With permanent four-wheel drive and nearly ten inches of ground clearance, the Defender is extraordinarily capable off the beaten path; it eats SUVs for breakfast and snacks on crossovers. It powers through a foot of mud with surprising aplomb, and it makes rocks and other obstacles routinely encountered on the trail feel like the speed bumps in a 20-mph school zone. The two-speed transfer case helps it soldier on when the going gets really tough. Take one out for a jaunt in the woods and it’ll quickly become obvious why it’s been the vehicle of choice for emergency services and globetrotters for decades. It’s unique on the market because its practical, no-nonsense design has stood the test of time remarkably well.
Job well done
The Defender is surprisingly well-mannered on the tarmac, though the suspension willingly shares every road imperfection with your spine. It’s fast enough to keep up with other cars while pulling away from a stop light and it’ll hold a steady 75 mph on the freeway with no fuss. Driving an older Series III through a small town takes as much effort as riding a bull, but the Defender offers peace of mind in the form of light steering, responsive brakes, and great visibility thanks in part to ultra-thin A-pillars. As an unexpected bonus, it’s so big that motorists trapped in late-model econoboxes are downright afraid of cutting you off or tailgating you. We’ll consider that a passive safety feature. Every little bit helps in a vehicle that’s not fitted with airbags.
When viewed from the outside, the Defender looks like it was teleported from the early 1980s. For better or worse, the same applies to the interior. Sitting behind the wheel is like witnessing a parade of hard plastics and outdated parts such as dinky turn signal stalks that feel like they were pulled out of an Austin Mini. The classic car vibe is further accentuated by the fact that there’s about as much elbow room as you’d find in an air-cooled Volkswagen Beetle. The Defender is crude, but it’s the ultimate expression of efficient, function-over-form design. It’ll effortlessly carry seven passengers from point A to point B, even if there’s a mountain range somewhere in the middle.

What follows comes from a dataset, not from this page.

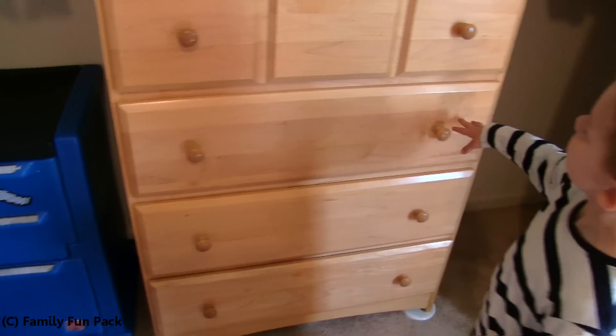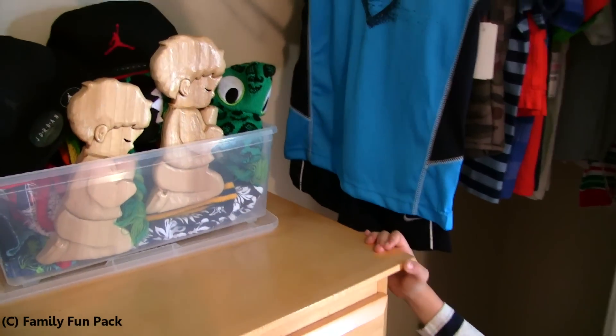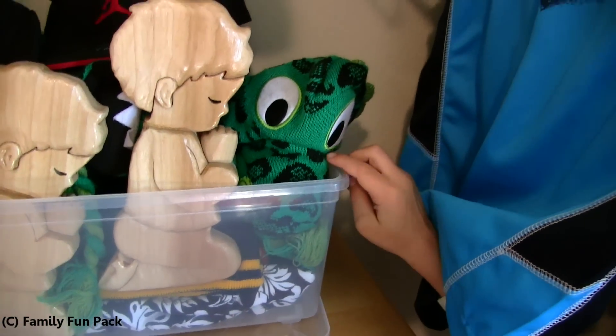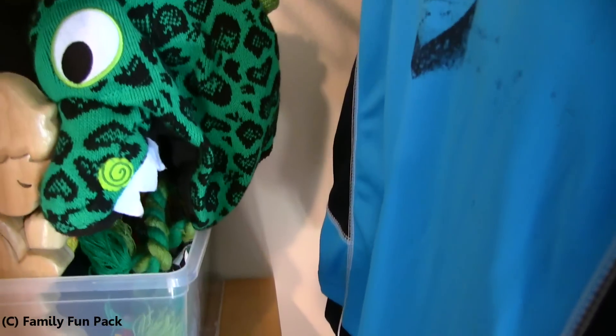Here's our dresser. Here's one of their dressers. Papa made these for Zach and Chris. And grandma gave this to us. This is from their grandma — it's a hat.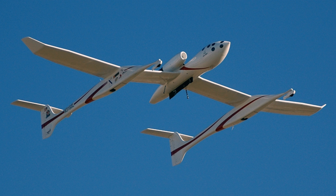The Scaled Composites Model 318 White Knight, now also called White Knight 1, is a jet-powered carrier aircraft that was used to launch its companion SpaceShipOne, an experimental spaceplane. The White Knight and SpaceShipOne were designed by Burt Rutan and manufactured by Scaled Composites, a private company founded by Rutan in 1982.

Few will be surprised to find out that the assembly process at Land Rover’s Solihull, England, factory has remained roughly the same since the early 1980s. Current members of the Land Rover lineup like the Evoque and the Discovery Sport are built by robots, but the 7,000 individual bits and pieces that make up the Defender are still largely assembled by hand. It consequently takes 56 man hours to build one from start to finish; to put that figure into perspective, building a Discovery Sport takes 48 hours. The painstakingly long production process partially explains why a Defender 110 carries a base price of £27,620, a sum that converts to approximately $40,000, in its home country. The short-wheelbase Defender 90 starts at £25,265, or about $33,200.
There’s one obstacle the Defender can’t tow out of the way or simply drive over: lawmakers. Stringent safety and emissions regulations finally got the best of it, and the last example has rolled off the Solihull assembly line, meaning it’s too late to buy one new. It’s the last of its breed, too. The Mercedes-Benz G-Class has morphed into a $120,000 luxo-barge, the Jeep Wrangler focuses more on leisure than on work, while Lada’s Niva – summed up as a Renault 5 on a Land Rover chassis by USSR officials in the early 1970s – is equally outdated and even more rustic, but not as capable. Even the Toyota Land Cruiser inevitably makes a few concessions in the name of opulence.
A second-generation Defender is coming before the end of the decade but details about what form it will take are vague at best, likely because they haven’t been finalized yet. It might keep the outgoing model’s tough body-on-frame construction, it might not; it might feature a rear-mounted spare tire and throwback round headlights, it might not – only time will tell. What’s certain is that it will have bigger shoes to fill than any new car introduced in recent memory.